- Problem
Every line from the one that contains "Rainbow Fluorite Crystal Point Large 15.6cm" to the end of the records must be restated word for word. No other line belongs in the answer.

- Dataset excerpts

_ _ _ _

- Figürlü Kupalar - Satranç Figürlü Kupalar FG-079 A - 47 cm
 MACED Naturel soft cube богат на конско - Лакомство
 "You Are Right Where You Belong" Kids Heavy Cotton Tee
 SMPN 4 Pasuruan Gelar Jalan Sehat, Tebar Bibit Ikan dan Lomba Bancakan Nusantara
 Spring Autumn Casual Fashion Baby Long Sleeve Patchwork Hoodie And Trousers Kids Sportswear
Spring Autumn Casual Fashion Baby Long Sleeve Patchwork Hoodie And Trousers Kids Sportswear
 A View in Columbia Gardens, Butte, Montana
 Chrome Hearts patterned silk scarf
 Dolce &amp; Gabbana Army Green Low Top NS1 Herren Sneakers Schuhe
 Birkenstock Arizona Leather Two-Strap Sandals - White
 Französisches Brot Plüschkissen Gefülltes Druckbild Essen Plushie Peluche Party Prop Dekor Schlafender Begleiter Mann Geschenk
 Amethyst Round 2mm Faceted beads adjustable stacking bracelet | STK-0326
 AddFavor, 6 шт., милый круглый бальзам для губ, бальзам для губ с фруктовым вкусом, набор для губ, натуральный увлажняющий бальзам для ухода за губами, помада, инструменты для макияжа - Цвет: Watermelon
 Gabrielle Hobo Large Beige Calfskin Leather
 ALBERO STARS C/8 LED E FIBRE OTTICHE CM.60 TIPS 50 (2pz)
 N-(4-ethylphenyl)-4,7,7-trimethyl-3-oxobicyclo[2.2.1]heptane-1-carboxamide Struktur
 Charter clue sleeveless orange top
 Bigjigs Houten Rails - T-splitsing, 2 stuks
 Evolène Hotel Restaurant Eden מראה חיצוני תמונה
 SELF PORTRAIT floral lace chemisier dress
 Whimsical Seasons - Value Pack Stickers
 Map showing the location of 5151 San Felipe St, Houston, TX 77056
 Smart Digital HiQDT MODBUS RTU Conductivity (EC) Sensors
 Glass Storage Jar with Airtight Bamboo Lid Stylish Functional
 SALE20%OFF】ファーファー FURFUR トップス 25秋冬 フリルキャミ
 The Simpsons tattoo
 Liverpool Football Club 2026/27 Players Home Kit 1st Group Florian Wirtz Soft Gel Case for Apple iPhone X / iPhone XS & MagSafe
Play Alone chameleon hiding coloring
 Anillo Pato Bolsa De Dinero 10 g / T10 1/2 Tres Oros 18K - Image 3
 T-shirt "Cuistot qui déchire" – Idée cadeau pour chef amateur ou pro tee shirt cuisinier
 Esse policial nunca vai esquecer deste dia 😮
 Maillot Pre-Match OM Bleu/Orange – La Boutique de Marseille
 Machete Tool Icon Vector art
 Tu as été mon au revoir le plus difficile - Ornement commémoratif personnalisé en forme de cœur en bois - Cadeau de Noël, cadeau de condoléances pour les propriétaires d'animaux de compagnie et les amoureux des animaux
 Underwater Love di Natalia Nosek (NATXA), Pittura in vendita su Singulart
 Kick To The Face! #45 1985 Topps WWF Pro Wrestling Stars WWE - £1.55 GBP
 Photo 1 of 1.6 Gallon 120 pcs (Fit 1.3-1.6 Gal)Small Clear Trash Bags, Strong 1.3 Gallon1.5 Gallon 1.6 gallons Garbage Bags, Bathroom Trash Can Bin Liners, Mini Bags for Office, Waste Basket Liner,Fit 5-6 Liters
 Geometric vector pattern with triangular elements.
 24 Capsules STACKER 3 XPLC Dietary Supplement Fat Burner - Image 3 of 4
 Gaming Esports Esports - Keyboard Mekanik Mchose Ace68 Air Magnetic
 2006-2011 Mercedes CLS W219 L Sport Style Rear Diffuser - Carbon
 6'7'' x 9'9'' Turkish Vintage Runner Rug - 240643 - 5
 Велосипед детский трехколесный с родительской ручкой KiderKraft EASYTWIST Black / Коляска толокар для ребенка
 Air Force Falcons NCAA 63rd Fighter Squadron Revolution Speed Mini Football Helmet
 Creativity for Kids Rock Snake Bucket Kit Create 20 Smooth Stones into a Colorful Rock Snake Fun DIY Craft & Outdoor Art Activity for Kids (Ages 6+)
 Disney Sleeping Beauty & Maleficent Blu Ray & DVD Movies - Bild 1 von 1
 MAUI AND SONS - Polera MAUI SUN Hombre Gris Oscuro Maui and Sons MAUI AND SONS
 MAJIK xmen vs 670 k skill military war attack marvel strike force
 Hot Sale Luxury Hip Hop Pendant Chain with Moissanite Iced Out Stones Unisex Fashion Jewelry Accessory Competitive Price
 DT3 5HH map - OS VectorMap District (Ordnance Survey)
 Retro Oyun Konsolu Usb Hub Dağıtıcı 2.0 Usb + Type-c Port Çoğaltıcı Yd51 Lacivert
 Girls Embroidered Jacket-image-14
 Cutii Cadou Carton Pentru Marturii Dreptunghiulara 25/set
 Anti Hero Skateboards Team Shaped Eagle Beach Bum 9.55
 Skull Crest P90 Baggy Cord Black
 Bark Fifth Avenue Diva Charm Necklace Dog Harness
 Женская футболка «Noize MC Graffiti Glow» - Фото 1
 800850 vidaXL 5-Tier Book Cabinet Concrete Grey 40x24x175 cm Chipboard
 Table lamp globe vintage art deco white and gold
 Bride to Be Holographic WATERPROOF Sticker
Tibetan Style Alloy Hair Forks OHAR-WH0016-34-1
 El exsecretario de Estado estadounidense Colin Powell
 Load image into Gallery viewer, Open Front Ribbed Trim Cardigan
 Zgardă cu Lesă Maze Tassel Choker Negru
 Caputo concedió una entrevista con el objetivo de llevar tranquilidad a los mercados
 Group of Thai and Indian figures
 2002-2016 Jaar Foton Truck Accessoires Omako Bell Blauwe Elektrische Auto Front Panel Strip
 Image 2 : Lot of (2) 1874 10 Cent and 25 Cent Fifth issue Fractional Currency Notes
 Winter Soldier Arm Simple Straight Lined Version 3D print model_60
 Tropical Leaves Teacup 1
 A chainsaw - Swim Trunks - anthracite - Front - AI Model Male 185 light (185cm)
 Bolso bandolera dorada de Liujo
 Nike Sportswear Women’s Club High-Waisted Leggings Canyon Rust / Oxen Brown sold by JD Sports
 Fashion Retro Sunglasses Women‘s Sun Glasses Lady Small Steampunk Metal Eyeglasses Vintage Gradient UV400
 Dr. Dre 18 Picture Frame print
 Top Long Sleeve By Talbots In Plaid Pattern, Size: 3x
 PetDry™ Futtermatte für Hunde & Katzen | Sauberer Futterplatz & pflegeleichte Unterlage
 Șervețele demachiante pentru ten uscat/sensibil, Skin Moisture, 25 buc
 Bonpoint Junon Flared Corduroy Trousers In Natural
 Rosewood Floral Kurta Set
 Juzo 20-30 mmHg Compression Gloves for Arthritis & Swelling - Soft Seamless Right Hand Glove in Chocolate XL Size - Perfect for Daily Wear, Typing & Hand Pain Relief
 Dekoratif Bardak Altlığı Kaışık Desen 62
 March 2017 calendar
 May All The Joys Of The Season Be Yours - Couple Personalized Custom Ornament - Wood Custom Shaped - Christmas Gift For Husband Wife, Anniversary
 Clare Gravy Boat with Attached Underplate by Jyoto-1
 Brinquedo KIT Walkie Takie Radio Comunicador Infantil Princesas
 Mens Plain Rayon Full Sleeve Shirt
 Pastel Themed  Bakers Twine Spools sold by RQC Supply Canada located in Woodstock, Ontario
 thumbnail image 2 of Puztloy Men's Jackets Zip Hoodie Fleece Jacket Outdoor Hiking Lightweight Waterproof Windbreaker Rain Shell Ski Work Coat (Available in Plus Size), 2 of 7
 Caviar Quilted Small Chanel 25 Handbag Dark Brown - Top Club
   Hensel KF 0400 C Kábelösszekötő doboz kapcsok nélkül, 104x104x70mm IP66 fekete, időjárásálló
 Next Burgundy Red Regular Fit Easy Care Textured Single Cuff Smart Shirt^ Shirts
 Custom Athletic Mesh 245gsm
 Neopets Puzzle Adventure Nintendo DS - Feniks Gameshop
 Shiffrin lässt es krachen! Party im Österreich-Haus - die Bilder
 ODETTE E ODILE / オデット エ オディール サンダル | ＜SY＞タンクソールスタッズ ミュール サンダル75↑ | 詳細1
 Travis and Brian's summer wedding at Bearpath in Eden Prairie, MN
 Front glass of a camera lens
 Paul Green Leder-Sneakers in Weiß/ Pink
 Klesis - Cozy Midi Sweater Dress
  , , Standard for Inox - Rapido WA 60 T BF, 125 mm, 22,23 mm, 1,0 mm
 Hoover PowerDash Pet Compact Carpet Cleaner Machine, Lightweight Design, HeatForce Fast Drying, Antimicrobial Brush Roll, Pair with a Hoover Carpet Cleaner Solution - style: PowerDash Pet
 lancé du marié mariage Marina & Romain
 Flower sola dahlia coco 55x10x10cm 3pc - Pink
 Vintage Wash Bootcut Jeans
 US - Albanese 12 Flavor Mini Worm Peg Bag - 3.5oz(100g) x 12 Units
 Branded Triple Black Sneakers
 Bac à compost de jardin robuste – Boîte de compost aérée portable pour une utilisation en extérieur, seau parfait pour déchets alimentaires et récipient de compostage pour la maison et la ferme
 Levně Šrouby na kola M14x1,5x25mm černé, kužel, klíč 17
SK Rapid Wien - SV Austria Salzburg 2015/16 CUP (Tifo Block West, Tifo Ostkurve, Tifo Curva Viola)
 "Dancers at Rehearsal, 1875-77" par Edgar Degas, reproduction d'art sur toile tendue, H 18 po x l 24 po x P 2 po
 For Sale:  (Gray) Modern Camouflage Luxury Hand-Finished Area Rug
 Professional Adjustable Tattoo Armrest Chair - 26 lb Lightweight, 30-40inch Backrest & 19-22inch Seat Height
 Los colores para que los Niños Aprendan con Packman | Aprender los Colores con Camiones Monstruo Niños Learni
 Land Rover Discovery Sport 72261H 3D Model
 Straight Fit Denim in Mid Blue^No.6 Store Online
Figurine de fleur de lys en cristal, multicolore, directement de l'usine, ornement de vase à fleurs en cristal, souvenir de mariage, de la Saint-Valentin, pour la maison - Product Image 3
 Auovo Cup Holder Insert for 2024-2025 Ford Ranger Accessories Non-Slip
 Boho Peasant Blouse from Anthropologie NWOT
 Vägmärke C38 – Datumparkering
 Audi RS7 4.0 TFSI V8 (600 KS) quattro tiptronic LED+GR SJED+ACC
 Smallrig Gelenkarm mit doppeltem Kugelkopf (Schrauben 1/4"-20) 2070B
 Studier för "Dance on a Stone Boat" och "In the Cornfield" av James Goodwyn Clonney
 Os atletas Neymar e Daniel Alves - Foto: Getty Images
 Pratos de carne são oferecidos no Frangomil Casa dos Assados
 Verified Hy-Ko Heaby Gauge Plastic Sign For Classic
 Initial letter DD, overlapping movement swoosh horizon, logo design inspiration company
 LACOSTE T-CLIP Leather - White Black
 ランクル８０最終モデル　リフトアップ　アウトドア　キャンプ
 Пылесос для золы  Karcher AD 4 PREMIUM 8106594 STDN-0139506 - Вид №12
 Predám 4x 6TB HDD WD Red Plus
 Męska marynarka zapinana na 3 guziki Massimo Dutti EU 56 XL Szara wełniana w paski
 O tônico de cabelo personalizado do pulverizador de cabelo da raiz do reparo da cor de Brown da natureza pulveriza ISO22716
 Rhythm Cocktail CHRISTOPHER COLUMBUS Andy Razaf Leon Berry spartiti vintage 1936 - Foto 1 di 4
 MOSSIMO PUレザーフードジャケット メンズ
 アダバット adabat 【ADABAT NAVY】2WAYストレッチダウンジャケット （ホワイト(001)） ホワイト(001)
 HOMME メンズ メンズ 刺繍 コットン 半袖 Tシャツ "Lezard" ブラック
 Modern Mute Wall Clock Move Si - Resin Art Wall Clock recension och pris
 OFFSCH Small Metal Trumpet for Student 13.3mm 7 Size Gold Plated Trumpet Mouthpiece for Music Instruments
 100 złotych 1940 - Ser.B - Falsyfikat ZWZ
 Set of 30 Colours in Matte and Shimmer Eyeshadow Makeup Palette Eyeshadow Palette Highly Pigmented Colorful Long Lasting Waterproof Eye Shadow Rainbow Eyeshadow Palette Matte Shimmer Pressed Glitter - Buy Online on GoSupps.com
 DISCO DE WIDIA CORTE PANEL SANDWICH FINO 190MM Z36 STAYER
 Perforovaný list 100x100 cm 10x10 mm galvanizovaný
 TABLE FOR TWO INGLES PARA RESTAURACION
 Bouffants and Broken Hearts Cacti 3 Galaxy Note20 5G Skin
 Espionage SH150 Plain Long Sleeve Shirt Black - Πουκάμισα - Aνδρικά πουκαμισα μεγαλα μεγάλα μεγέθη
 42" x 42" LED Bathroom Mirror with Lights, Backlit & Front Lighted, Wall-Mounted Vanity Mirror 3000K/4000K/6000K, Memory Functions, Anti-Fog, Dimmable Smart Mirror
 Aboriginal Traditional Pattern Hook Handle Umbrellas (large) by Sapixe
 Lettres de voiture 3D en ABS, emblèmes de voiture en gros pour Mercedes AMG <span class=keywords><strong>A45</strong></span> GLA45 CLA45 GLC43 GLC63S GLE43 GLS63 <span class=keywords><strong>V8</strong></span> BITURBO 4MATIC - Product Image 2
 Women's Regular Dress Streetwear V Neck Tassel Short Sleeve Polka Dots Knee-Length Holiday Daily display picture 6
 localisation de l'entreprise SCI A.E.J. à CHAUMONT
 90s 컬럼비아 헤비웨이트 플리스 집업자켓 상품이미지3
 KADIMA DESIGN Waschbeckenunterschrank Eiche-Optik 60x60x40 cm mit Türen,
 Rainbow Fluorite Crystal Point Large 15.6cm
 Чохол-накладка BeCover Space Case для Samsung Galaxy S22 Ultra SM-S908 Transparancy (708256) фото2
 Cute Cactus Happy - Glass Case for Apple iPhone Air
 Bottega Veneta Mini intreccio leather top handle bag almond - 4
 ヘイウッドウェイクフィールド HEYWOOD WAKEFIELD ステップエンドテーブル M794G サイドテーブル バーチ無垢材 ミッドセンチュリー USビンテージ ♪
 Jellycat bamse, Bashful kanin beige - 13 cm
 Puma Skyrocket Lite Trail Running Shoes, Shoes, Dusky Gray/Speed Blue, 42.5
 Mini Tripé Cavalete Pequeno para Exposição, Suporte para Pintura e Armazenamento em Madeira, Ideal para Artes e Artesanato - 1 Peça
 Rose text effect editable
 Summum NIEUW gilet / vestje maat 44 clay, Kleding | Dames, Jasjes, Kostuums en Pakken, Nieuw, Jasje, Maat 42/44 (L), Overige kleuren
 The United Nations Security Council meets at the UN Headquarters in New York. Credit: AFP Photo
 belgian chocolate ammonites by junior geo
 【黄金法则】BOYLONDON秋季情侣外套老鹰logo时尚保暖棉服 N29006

_ _ _ _

- Expected output
 Rainbow Fluorite Crystal Point Large 15.6cm
 Чохол-накладка BeCover Space Case для Samsung Galaxy S22 Ultra SM-S908 Transparancy (708256) фото2
 Cute Cactus Happy - Glass Case for Apple iPhone Air
 Bottega Veneta Mini intreccio leather top handle bag almond - 4
 ヘイウッドウェイクフィールド HEYWOOD WAKEFIELD ステップエンドテーブル M794G サイドテーブル バーチ無垢材 ミッドセンチュリー USビンテージ ♪
 Jellycat bamse, Bashful kanin beige - 13 cm
 Puma Skyrocket Lite Trail Running Shoes, Shoes, Dusky Gray/Speed Blue, 42.5
 Mini Tripé Cavalete Pequeno para Exposição, Suporte para Pintura e Armazenamento em Madeira, Ideal para Artes e Artesanato - 1 Peça
 Rose text effect editable
 Summum NIEUW gilet / vestje maat 44 clay, Kleding | Dames, Jasjes, Kostuums en Pakken, Nieuw, Jasje, Maat 42/44 (L), Overige kleuren
 The United Nations Security Council meets at the UN Headquarters in New York. Credit: AFP Photo
 belgian chocolate ammonites by junior geo
 【黄金法则】BOYLONDON秋季情侣外套老鹰logo时尚保暖棉服 N29006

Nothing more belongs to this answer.